Kostenbetrachtung und Wirtschaftlichkeit
Die Wirtschaftlichkeitsbetrachtung bei 2K-Klebern geht weit über den reinen Kaufpreis hinaus. Arbeitszeit, Werkzeugkosten und Nacharbeit müssen einbezogen werden. Ein scheinbar teurer Kleber kann durch einfachere Verarbeitung oder höhere Zuverlässigkeit wirtschaftlicher sein.
Lebensdauerkosten sind besonders relevant. Eine hochwertige Verklebung, die 20 Jahre hält, ist oft günstiger als mehrfache Reparaturen mit minderwertigen Produkten. Die Ausfallkosten können den Materialpreis um ein Vielfaches übersteigen.
Mengenrabatte sind bei regelmäßigem Bedarf zu berücksichtigen. Großgebinde haben oft deutlich bessere Preise pro Volumeneinheit, erfordern aber entsprechende Lagerkapazitäten und kurze Verbrauchszeiten.
Fazit: Der richtige 2-Komponenten-Kleber für jeden Zweck
Nach intensiver Auseinandersetzung mit diesem faszinierenden Thema kann ich eine klare Empfehlung aussprechen: Der Ber-Fix 25g 2K Kleber verdient zu Recht die Auszeichnung als Vergleichssieger. Seine außergewöhnliche Klebkraft von 14,7 N/mm² gepaart mit der großzügigen Verarbeitungszeit von 5 Minuten macht ihn zur ersten Wahl für anspruchsvolle Anwendungen.
Die Temperaturbeständigkeit und Vielseitigkeit bei verschiedenen Materialien unterstreichen seine Qualität. Ja, der Preis ist nicht ohne – aber wer Wert auf Langzeitbeständigkeit und höchste Zuverlässigkeit legt, trifft hier die richtige Wahl.
Für preisbewusste Anwender bietet der AGT 2K Kleber als Preis-Leistungssieger ein hervorragendes Verhältnis aus Qualität und Kosten. Die Doppelkammerspitze erleichtert die Anwendung erheblich und reduziert Anwendungsfehler.
Wer komplexe Verklebungen plant oder Zeit für präzise Positionierung benötigt, findet im wiederverschließbaren DIP-Tools Kleber mit seiner 90-minütigen Verarbeitungszeit den idealen Partner.

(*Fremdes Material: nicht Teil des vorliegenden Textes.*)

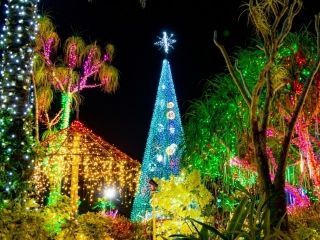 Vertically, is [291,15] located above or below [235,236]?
above

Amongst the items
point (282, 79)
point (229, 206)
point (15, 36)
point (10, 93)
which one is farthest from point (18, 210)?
point (282, 79)

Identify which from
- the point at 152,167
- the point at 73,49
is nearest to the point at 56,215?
the point at 73,49

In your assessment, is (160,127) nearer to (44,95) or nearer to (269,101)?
(44,95)

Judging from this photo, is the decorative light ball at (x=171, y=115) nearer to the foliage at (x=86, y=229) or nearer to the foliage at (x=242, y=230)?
the foliage at (x=86, y=229)

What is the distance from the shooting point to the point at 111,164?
42.3 ft

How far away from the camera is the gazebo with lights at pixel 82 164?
11891mm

2-Komponenten-Kleber sind mehr als nur Klebstoffe – sie sind präzise Werkzeuge für dauerhafte Verbindungen. Mit dem richtigen Produkt und der entsprechenden Verarbeitungstechnik lassen sich Verbindungen schaffen, die mechanischen Befestigungen in nichts nachstehen. Die Investition in Qualität zahlt sich langfristig immer aus.
Die kontinuierliche Weiterentwicklung dieser Technologie verspricht weitere Innovationen. Als Fachredakteur werde ich diese Entwicklungen aufmerksam verfolgen und Sie über neue Erkenntnisse informieren. Denn eines ist sicher: Die Welt der Epoxidharzklebstoffe bleibt spannend und wird uns noch viele technische Überraschungen bescheren.

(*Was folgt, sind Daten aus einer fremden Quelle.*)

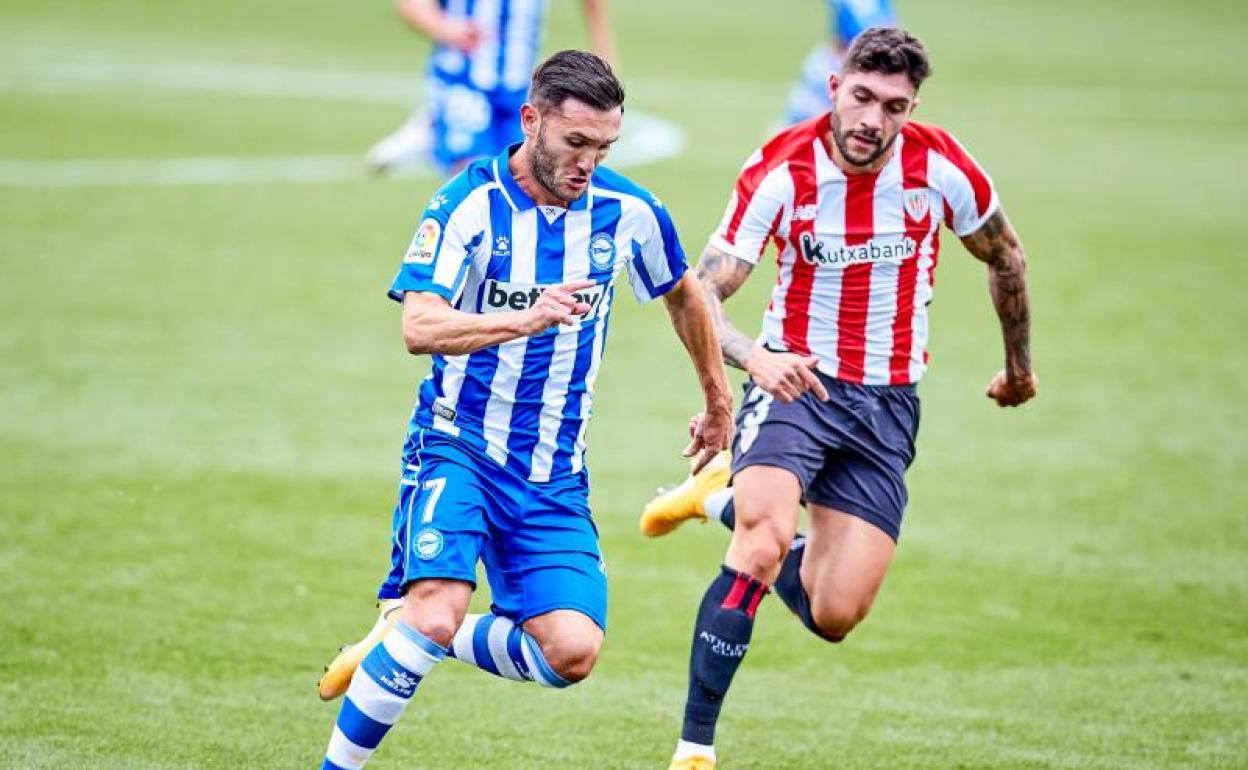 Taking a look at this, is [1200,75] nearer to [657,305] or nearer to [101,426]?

Wurden 2-Komponenten-Kleber von der Stiftung Warentest getestet?
Uns ist aktuell kein Test der Stiftung Warentest zu 2-Komponenten-Kleber bekannt. Sobald ein Test veroeffentlicht wird, aktualisieren wir diesen Bereich.























Wichtig: Achten Sie bei der Auswahl des 2-Komponenten-Klebers auf die Größe der Verpackung. Die Abmessungen können einen Einfluss darauf haben, wie viel Kleber Sie für Ihr Projekt benötigen.
Lieber Leser,
vielen Dank für Ihren Hinweis.
Die Größe und Abmessungen des 2-Komponenten-Klebers sind entscheidend, um sicherzustellen, dass Sie genügend Material für Ihr Vorhaben zur Verfügung haben. Prüfen Sie daher immer die Angaben auf der Verpackung, um sicherzustellen, dass die Menge für Ihr Projekt ausreicht.